Ayer, la diócesis de Harrisburg, en Pensilvania, celebró una misa en la Catedral de San Patricio como parte de la “necesidad de arrepentimiento y reconciliación”. Después pasó a un “servicio de arrepentimiento”.
Durante los hechos investigados, que datan de hace seis décadas, la oración fue maleada, utilizada para someter a los niños a las aberraciones de los curas pedófilos.

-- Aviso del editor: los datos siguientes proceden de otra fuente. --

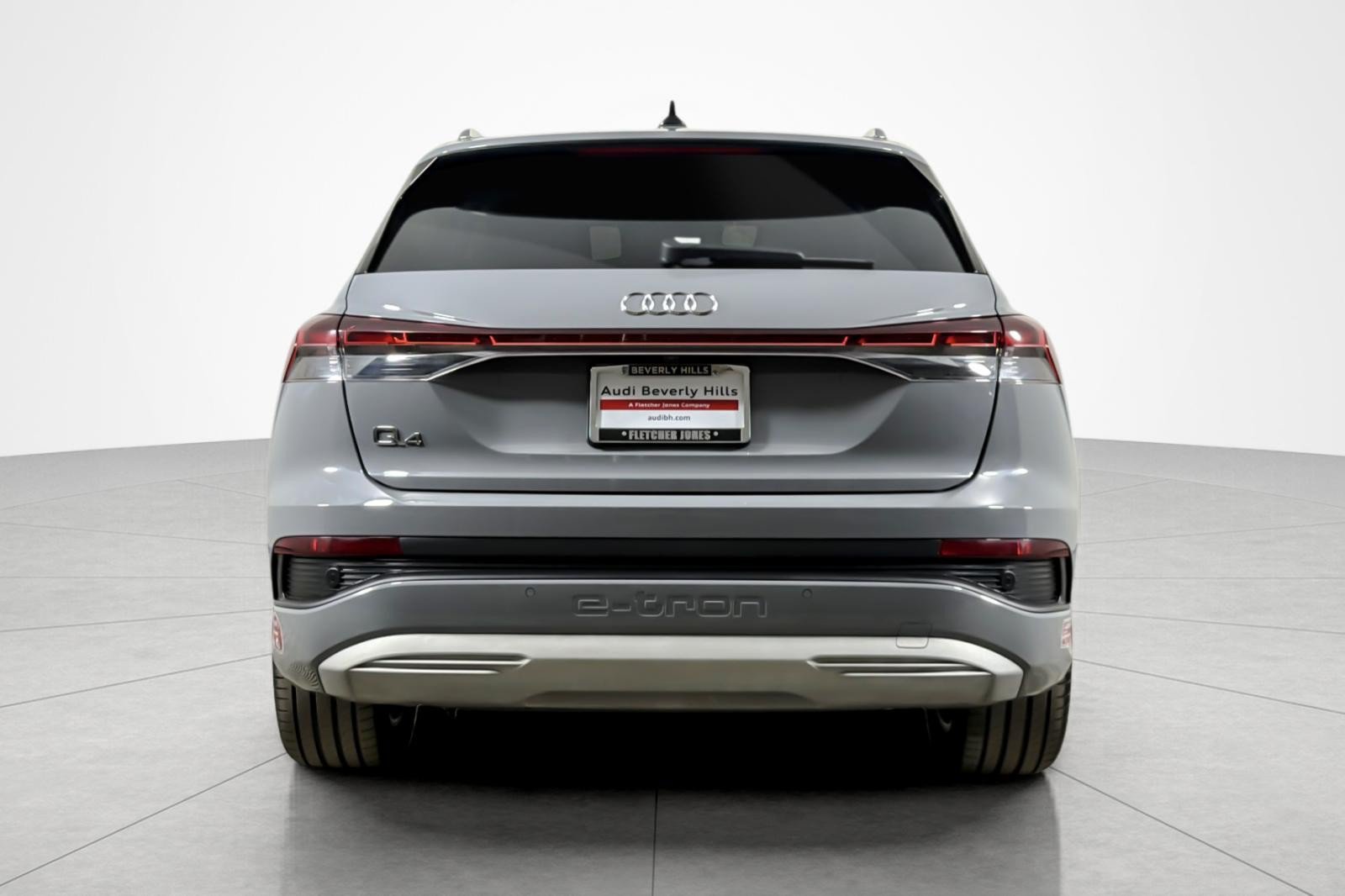 Used 2023 Audi Q4 e-tron Premium Plus RWD image 4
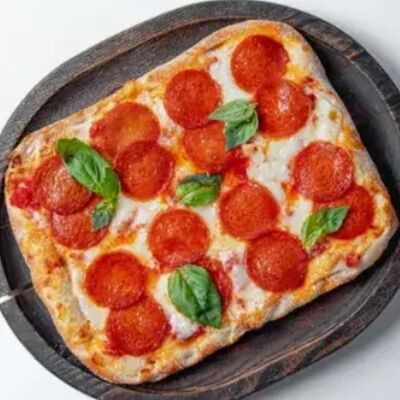 Пицца Пепперони в VASILCHUKI Chaihona №1 по цене 690 ₽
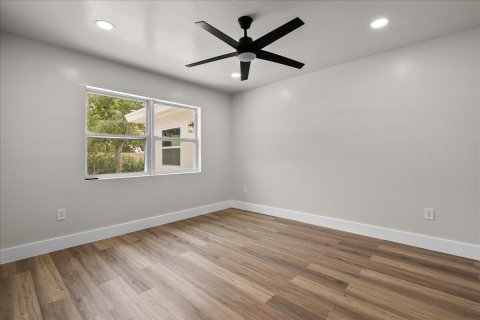 Villa ou maison à vendre à West Palm Beach, Floride: 4 chambres, 257.06 m2 № 2270472 - photo 22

Excardenal McCarrick, en la mira
Un sacerdote, según el informe, contó a un niño al que estaba acariciando que lo que hacía estaba bien porque él era “un instrumento de Dios”. Los curas también se valieron del sacramento de confesión como una oportunidad para atacar a menores, añade la investigación.
Ayer viernes, el arzobispo de Filadelfia, Charles Chaput, en una carta a la grey católica reconoció que “el contenido del informe es brutalmente gráfico y profundamente inquietante, como una crónica del mal causado a cientos de inocentes”.
“Las únicas respuestas aceptables son la pena y el apoyo a las víctimas y los esfuerzos integrales para garantizar que esas cosas nunca vuelvan a ocurrir”, añadió.
El jueves, el Vaticano dijo sentir “vergüenza y dolor” por los abusos, afirmando que los depredadores y facilitadores de sus actos serán responsabilizados por sus acciones.
La diócesis de Pensilvania representa a cerca de 1.7 millones de católicos.